Instruction cabossée
Pour les « camarades socialistes », malgré tout,
les perspectives paraissent moroses quand l’instruction s’achève, fin 2022. Le
procureur de la République résume : il y a eu « deux types de
fautes », les unes au stade des préparatifs de la fête, les autres au
stade de l’intervention policière, qui ont « contribué de manière
certaine » au décès de Steve. La thèse du coupable unique est rejetée.
Volens nolens, les juges d’instruction ont remonté
toute la chaîne causale. Une dizaine de personnes sont mises en cause pour
homicide involontaire. Le préfet de Loire-Atlantique de l’époque, son directeur
de cabinet et le commissaire de police sont mis en examen. La maire de Nantes,
son adjoint à la sécurité et l’opérateur de sound system qui a déclenché
la bagarre sont placés sous statut de témoin assisté.
L’instruction n’est pourtant pas sans reproche. En octobre
2022, la chambre d’accusation de la cour d’appel de Rennes a infligé un double
camouflet aux juges. Elle a annulé la mise en examen de l’ancien préfet de
Loire-Atlantique (qui reste tout de même placé sous statut de témoin assisté).
Surtout, elle a prononcé la nullité d’une expertise vidéo commandée à une
association ouvertement militante, spécialisée dans la lutte contre les
violences policières.
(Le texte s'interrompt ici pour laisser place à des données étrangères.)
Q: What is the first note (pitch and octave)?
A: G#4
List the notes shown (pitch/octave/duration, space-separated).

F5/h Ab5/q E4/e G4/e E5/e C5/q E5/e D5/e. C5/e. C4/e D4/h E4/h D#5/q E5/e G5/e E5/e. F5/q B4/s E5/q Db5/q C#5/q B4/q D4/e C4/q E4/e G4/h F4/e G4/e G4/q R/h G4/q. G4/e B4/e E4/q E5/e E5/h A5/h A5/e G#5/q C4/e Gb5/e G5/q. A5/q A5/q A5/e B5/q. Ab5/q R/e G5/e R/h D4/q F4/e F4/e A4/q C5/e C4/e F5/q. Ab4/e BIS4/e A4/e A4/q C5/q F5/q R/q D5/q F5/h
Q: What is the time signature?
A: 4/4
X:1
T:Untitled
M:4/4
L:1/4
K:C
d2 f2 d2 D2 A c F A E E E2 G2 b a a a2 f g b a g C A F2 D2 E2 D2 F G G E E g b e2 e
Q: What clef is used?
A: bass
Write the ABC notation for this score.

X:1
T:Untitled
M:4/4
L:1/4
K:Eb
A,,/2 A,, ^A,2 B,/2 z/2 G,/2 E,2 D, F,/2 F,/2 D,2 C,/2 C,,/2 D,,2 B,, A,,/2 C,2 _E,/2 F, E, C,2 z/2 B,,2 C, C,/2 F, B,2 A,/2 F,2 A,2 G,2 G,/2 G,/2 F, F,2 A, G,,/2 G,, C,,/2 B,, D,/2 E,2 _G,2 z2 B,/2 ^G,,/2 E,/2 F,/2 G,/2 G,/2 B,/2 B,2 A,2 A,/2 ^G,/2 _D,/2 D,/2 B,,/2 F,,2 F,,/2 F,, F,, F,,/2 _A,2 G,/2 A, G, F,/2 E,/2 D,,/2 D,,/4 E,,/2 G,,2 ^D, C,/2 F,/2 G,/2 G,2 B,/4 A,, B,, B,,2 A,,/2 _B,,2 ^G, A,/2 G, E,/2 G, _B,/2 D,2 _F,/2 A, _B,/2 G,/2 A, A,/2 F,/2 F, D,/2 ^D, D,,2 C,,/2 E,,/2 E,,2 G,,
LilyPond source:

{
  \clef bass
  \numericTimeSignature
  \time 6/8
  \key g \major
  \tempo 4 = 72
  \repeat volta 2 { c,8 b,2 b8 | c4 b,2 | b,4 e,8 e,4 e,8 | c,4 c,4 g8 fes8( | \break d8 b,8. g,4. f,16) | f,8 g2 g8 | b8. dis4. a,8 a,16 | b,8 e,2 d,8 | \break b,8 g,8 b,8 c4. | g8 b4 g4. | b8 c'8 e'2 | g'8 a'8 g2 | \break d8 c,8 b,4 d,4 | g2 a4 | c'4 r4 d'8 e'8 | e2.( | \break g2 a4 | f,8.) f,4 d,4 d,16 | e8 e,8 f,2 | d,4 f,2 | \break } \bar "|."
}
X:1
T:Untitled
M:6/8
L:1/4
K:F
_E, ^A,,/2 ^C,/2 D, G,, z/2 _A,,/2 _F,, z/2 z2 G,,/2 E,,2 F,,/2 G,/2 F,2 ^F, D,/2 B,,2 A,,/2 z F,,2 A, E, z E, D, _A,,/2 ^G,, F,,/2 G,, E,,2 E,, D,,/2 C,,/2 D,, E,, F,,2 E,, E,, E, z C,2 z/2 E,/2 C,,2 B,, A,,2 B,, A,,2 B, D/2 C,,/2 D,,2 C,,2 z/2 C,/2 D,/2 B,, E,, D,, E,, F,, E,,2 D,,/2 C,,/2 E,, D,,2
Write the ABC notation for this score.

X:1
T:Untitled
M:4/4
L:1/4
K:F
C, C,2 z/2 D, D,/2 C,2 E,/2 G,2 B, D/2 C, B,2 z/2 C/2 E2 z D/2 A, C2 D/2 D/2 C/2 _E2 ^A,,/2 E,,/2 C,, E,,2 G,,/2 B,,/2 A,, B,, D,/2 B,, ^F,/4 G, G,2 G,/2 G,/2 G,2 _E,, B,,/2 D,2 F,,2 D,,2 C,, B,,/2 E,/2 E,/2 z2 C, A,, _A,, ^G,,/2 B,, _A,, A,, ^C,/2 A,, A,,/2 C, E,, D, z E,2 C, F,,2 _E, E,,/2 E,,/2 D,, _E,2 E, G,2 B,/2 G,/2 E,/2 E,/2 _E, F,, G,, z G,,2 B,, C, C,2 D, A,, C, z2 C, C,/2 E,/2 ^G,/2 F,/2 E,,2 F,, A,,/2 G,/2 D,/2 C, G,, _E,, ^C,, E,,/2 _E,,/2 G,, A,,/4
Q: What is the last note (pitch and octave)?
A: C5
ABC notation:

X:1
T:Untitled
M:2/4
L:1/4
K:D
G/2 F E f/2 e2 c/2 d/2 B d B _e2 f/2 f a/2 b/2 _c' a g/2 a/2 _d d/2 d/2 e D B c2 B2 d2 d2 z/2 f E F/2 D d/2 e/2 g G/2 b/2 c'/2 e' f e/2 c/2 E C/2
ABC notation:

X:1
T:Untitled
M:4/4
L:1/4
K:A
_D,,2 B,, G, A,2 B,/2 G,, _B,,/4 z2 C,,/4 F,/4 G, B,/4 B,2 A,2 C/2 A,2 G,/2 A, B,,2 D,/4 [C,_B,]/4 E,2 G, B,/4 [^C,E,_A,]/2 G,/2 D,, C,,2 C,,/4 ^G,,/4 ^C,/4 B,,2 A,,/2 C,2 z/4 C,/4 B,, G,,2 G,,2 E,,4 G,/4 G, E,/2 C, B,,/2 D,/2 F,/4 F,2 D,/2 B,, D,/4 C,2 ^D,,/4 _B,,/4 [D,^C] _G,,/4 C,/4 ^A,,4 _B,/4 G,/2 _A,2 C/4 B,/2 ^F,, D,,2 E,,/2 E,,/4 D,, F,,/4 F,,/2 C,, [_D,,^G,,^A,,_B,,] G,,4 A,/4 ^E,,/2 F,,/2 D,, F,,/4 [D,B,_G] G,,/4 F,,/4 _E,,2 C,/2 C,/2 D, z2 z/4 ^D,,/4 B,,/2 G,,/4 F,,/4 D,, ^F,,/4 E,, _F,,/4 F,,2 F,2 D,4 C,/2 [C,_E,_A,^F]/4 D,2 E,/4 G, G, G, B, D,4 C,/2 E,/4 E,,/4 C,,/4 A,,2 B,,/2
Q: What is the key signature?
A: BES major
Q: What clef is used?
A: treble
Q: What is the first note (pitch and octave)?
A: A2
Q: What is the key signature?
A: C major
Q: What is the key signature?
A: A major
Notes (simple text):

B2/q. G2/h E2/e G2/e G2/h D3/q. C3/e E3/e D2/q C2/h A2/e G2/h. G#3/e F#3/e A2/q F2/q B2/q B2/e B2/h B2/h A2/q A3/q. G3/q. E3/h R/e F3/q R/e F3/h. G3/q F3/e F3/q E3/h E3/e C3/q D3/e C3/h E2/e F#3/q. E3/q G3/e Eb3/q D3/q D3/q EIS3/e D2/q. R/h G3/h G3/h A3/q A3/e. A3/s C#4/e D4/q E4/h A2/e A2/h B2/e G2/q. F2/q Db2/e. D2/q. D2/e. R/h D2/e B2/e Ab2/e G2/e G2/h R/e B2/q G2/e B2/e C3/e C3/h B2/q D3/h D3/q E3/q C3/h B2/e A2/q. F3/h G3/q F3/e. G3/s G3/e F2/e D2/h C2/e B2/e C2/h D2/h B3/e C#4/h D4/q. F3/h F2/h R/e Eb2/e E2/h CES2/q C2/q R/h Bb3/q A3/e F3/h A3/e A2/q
Un doute plane sur la neutralité de l’instruction.
Un très long délai de réflexion
Mais ce n’est rien à côté de la surprise du chef qui
intervient fin 2023 : soudain, tout le monde descend, ou presque !
Ordonnance de non-lieu général, sauf pour le commissaire de police. La
« cascade d’événements » s’est tarie. Après une année supplémentaire
de réflexion, faisant suite à plus de trois ans d’instruction, les juges
considèrent que les fautes commises au stade des préparatifs de la fête ne sont
pas « caractérisées ». Les protagonistes n’étaient sans doute pas
conscients des dangers du quai Wilson.
À six jours de Noël – sûrement un hasard du calendrier – ce
coup de théâtre ne fait guère de vagues. Les Nantais sont absorbés dans la
contemplation des œuvres du Voyage en Hiver. Libération
s’étonne tout de même : en novembre 2022, le ministère public considérait
que le directeur de cabinet du préfet avait « pleinement conscience du risque
de chute en Loire », puisqu’il avait même été décidé de faire appel aux
sauveteurs de la Sécurité Nautique Atlantique ! Et puis finalement non…
Est-ce un changement d’avis ou plutôt un aveu de
faiblesse ? Le « cœur de l’enquête », selon l’expression du Monde
en juin 2020, est le téléphone de Steve Maia Caniço : « L’objectif,
c’est d’obtenir une géolocalisation précise de Steve au moment du drame ».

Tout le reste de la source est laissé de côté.